「日本海大海戦」(1969)を見た。
・・・
艦船のミニチュアは美術スタッフ60人を動員して107隻が用意された。また戦艦三笠のミニチュアは13メートルに及ぶ巨大なものが造られた。
「東宝8・15シリーズ」 は、「日本のいちばん長い日」(1967)に始まり、「連合艦隊司令長官 山本五十六」(1968)、「日本海大海戦」(1969)、「激動の昭和史 軍閥」(1970)、「激動の昭和史 沖縄決戦」(1971)、「海軍特別年少兵」(1972)を指す。岡本喜八監督などが、戦争の記憶を風化させぬようにとするかのように、夏になるたびに公開された。

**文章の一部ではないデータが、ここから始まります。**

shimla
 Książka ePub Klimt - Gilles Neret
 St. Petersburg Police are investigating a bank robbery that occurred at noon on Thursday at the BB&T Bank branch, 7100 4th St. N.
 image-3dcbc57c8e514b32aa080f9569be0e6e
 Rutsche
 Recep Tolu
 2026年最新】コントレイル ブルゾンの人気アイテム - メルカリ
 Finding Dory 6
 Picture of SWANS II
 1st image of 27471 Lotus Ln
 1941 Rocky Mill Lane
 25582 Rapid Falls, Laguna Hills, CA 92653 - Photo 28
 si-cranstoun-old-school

日本の再三再四の抗議も成果がなく、遂に交渉は途絶した。
旅順で指揮を執っていた乃木(笠智衆)と東郷の絆や、ロシアが降伏し、負傷したロシアの大将を、東郷が見舞いに訪れ「戦う姿勢が同じ」と共感を示したり、意思を疎通させる会話を示し、敵同士といえども同じ人間であるところで、東郷の人間味が溢れていた。
・・・
東郷平八郎は、子供を戦争で亡くした盲目の女性宅を妻とともに訪ね、焼香するシーンがある。その女性は「(東郷と知らずに)東郷さんは、これからも戦争を続けるのか。また戦死者を出す」と東郷の妻に語る。「ところでいま焼香された人はどなた?」と聞くので、「ただの年寄りですよ」と答えていた。
東郷は目を伏せて、うつむき加減に歩いていた。
ナレーションで「戦争に勝ったもののみが、戦争の怖さを知る」という言葉が入る。
・・・
映画は、歴史の一断面をさまざまな角度から描いているが、全ての歴史がつながっていることを思わせる言葉だった。
スタッフ:
製作:田中友幸
監督:丸山誠治
脚本:八住利雄
撮影 : 村井博
音楽:佐藤勝
主な出演者:
小鹿敦(杉野孫七兵曹)
東山敬司(藤本軍医中尉)
藤田進(上村彦之丞海軍中将)
船戸順(山岡熊治参謀)
田島義文(伊地知彦次郎大佐)
小泉博(栗野慎一郎公使)
安部徹(須地源次郎中佐・近衛歩兵第一連隊)
北竜二(片岡七郎中将)
森幹太(伊地知幸介参謀長)
松山省二(宮古島の若者・松)
稲葉義男(島村速雄参謀長)
草笛光子(東郷てつ)
矢島正明(ナレーター)*ノンクレジット
☆☆☆
↓↓↓↓↓↓↓↓↓↓↓↓↓↓↓↓↓
「にほん映画村」に参加しています:
ついでにクリック・ポン♪。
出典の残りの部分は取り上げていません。